* Dataset excerpt:
::::::::

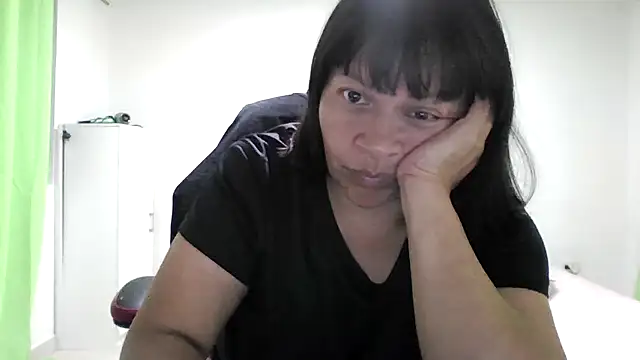 Snapshot of adri89-g chatting on 07-01-26, 04:36 adri89-g online show from 07-01-26, 04:36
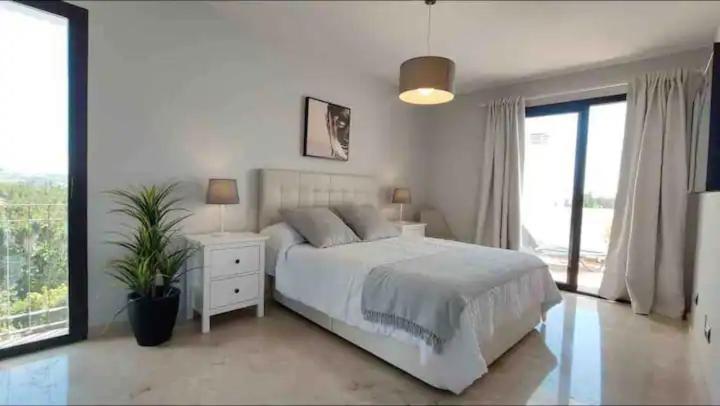 Urb Jardines De Sotogrande Duplex, 120 M2公寓 外观 照片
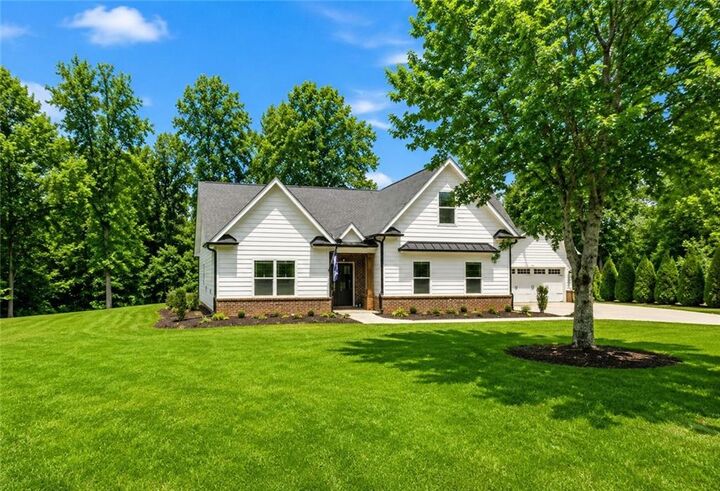 Property Photo: 246 Emmaline Lane GA 30549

::::::::

* Try it: Write down exactly the lines running from the line with "Urb Jardines De" through the end of the material, both ends included, and none of the pictures.

* Worked solution:
 Urb Jardines De Sotogrande Duplex, 120 M2公寓 外观 照片
 Property Photo: 246 Emmaline Lane GA 30549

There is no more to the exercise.